MASTER'S SEMINARY JOURNAL

BOOK REVIEW

Breaking the Missional Code: Your Church Can Become a Missionary in Your Community


By Ed Stetzer and David Putnam
Nashville : Broadman & Holman (2006). xii + 244 Pages.

Reviewed by
17.2 (Fall 2006) : 251-253

The purpose of the book is to “assist you in being able to think through your context, apply universal principles in your mission setting, and then identify and apply strategies that will make you more effective in your context” (2). Ed Stetzer is Research Team Director at the North American Mission Board (SBC), and David Putnam is Executive Pastor of Mountain Lake Church in Northern Forsythe County, Georgia. Both are seasoned church planters. This is the fourth book dealing with church planting and Emerging Church issues to which Stetzer has contributed. It accompanied the recent release of Planting Missional Churches, which is an updated version of Planting Churches in a Postmodern Age (Broadman and Holman, 2003).

This book assumes a shift in American culture to a “glocal community.” The term describes the “convergence of the global reality with our local reality,” which requires “new strategies for effective ministry” (5). The authors are not theorists, but practitioners. Their approach takes values developed from church planting and applies them to the context of established local churches which seek to reach their communities with the gospel.

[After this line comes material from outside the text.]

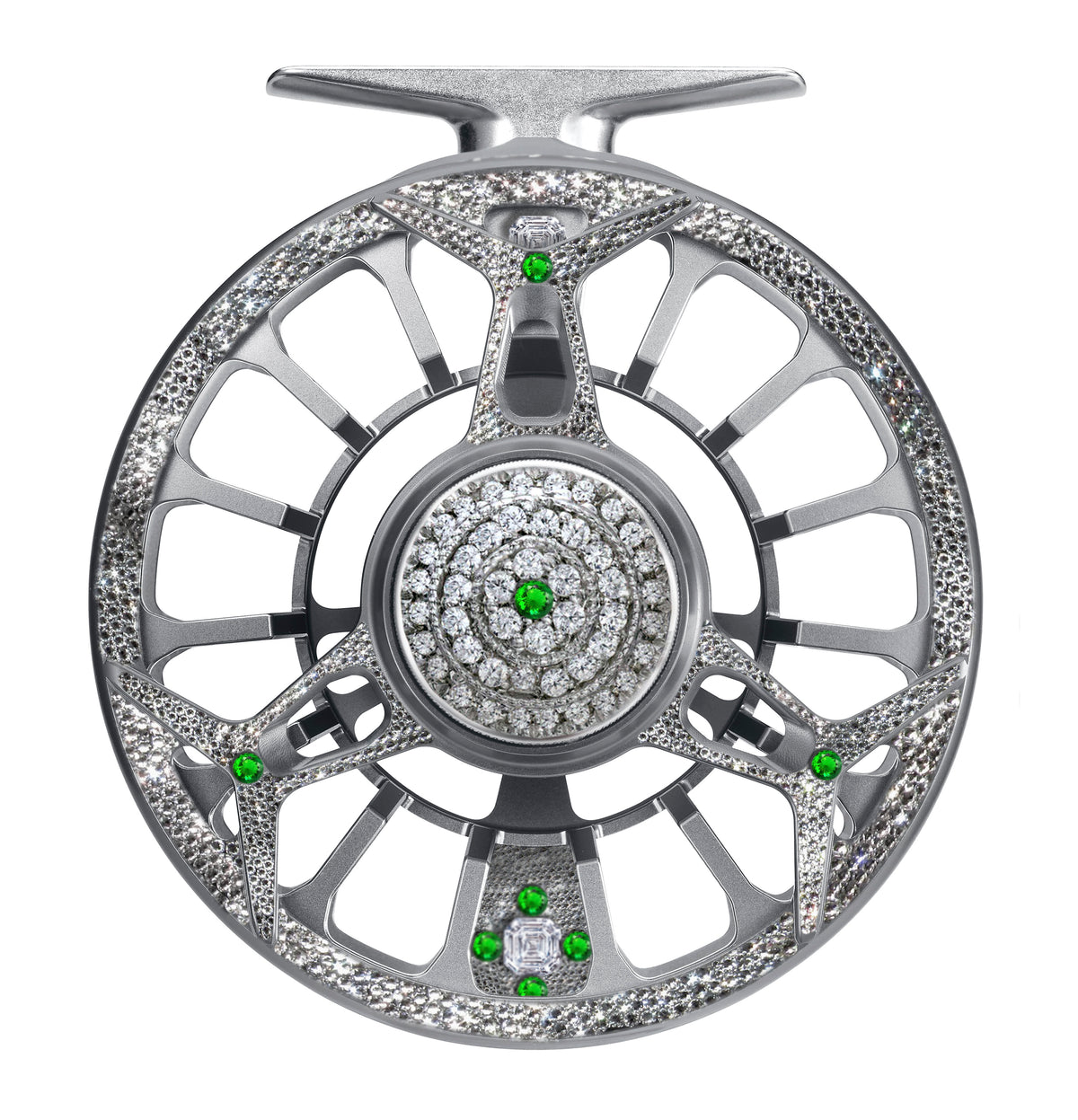 Silver Diamond Drift fly reel embellished with diamonds and green gemstones in a symmetrical, luxury design.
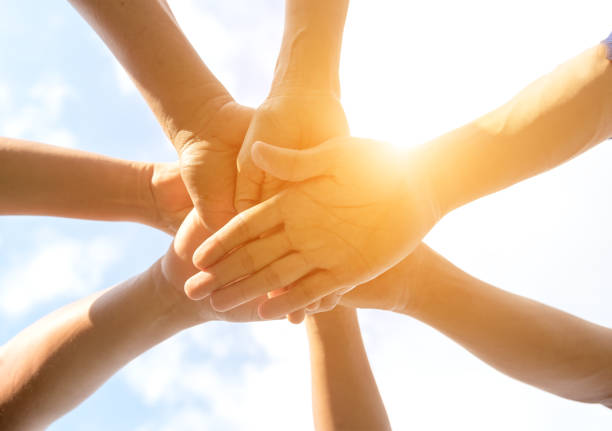 istock Hands of people team close up on blue sky background 688421778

The writers are theologically conservative. They emphasize the gospel of repentance and assert that when the church’s message becomes something other than “repentance and forgiveness of sins . . . the gospel itself is lost in the process” (39). They believe in a regenerated, active church membership (150). And they push for radical cultural awareness. They urge readers to act like a missionary would in a foreign culture, who usually learns local culture and people with the goal of introducing the gospel therein (217).

“Exegeting the culture” is not a new concept. It means that certain practices the missionary/planter/pastor is familiar with and embraces as his own “personal preferences” may not adapt to the culture he hopes to bring the gospel into. Accordingly, this book urges readers to lay aside personal preferences in order to embrace trans-cultural biblical principles in making disciples of all nations. As the book suggests, the best way to contextualize the gospel within a culture is to plant new churches.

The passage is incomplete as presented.